Court of Chancery Permits Privileged Documents For "Good Cause" Under "Mutuality of Interest" Exception
In re Freeport-McMoran Sulphur, Inc. Shareholder Litig., C.A. No. 16729, 2005 WL 225040 (Del. Ch. Jan. 26, 2005).
This discovery-related action involves a claim of access to defendant-corporation's documents listed in its privilege log through a motion to compel. The court granted the motion in part, but denied production of the shareholder repurchase document.
This matter arose between former shareholders of a corporation ("plaintiffs"), its former directors and the corporation's sister entity into which the corporation ("FSC") merged. Plaintiffs contended that FSC's directors breached their fiduciary duties to them when they approved the merger and that the entity into which FSC merged ("MOXY") aided and abetted that breach. Plaintiffs demanded 15 documents listed in defendants' privilege log, claiming that they were created when a mutuality of interest existed between FSC and its shareholders at the time of the merger.
Exploring the law of "mutuality of interest" to the attorney-client privilege in a fiduciary duty setting, the court held that shareholders could obtain such documents by showing "good cause." The court held that the plaintiffs' motion to compel succeeded on this set of facts because, not only were the plaintiffs successful in showing a "mutuality of interest," but they also succeeded in showing "good cause" to deflect the attorney-client shield.
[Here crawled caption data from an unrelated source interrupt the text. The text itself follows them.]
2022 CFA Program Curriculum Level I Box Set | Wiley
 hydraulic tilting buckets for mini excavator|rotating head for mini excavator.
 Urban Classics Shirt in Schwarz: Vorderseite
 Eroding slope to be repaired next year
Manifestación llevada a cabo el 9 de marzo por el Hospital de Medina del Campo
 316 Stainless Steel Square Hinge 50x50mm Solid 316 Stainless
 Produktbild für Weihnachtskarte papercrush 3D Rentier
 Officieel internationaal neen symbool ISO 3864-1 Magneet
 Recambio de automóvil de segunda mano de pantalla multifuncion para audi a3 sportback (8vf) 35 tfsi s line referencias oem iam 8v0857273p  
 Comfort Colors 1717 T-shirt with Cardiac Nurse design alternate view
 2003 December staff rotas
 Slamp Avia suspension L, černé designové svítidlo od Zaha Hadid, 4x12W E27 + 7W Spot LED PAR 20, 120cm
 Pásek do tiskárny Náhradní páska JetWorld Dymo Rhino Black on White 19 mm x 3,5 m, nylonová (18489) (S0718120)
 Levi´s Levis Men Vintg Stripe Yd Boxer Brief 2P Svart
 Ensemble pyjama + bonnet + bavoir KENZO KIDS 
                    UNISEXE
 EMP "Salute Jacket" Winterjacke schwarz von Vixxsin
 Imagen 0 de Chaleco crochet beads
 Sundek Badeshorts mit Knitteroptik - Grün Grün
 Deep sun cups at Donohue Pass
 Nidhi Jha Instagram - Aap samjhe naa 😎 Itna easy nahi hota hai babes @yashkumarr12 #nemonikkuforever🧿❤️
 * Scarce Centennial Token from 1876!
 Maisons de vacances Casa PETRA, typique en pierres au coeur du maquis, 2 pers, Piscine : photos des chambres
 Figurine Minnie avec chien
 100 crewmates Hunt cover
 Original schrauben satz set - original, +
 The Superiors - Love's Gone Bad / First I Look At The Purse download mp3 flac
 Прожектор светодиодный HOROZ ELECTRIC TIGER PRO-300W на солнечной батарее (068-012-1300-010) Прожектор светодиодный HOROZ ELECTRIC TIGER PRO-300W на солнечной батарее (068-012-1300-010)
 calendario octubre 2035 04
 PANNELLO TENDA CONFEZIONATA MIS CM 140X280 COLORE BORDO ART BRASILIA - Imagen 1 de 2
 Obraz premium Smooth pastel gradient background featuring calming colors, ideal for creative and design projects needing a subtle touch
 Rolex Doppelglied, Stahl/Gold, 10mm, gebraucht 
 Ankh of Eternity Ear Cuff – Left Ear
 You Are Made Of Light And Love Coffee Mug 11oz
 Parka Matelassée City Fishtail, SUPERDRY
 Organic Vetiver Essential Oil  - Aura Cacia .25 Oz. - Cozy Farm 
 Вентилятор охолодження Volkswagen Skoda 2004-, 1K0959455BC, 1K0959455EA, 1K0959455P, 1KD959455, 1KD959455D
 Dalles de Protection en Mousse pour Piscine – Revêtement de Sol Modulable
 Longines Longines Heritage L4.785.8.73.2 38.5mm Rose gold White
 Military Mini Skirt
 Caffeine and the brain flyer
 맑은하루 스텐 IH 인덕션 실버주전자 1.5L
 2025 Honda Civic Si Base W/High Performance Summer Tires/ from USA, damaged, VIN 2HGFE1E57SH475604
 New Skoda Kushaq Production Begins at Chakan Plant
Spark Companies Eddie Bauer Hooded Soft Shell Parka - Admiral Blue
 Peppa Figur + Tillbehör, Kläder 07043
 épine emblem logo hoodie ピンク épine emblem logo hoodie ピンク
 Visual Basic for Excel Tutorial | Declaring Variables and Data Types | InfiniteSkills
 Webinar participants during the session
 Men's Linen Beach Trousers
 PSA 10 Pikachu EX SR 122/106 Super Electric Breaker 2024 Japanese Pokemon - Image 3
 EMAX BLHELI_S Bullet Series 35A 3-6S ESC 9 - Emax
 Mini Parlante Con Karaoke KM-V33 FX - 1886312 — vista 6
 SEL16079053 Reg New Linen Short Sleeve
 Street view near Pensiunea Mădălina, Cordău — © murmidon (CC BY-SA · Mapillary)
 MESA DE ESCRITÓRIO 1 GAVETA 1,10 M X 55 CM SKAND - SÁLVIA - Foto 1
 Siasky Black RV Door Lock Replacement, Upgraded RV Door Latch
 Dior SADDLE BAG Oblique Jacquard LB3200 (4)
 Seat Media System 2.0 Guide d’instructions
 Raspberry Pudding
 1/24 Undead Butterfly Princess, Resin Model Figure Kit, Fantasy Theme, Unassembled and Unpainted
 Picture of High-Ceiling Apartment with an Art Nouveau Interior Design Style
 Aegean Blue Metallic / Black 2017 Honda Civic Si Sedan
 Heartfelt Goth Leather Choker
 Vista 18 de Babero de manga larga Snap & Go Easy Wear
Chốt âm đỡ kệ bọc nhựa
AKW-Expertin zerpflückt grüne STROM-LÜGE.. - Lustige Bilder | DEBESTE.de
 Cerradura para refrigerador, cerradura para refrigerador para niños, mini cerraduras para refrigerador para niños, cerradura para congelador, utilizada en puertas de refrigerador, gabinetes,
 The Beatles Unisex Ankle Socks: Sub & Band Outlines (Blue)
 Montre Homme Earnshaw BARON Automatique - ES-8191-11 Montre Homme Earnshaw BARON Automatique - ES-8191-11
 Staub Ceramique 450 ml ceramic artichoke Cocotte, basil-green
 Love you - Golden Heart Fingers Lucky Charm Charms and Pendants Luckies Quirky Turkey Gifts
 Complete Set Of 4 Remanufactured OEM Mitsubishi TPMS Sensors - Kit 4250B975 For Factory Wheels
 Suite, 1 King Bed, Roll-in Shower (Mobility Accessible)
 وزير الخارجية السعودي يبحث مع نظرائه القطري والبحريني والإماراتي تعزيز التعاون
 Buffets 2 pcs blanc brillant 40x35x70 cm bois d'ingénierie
The court applied the non-exclusive seven-factor "good cause" test laid down by Garner v. Wolfinbarger
, 430 F.2d 1093, 1104 (5d Cir. 1970), finding that there was a colorable claim for breach of fiduciary duty, that the documents were unavailable from other sources and it was not a blind fishing expedition. The court however denied the request pertaining to the shareholder repurchase plan of FSC because the doctrine of "mutuality of interest" did not apply to it.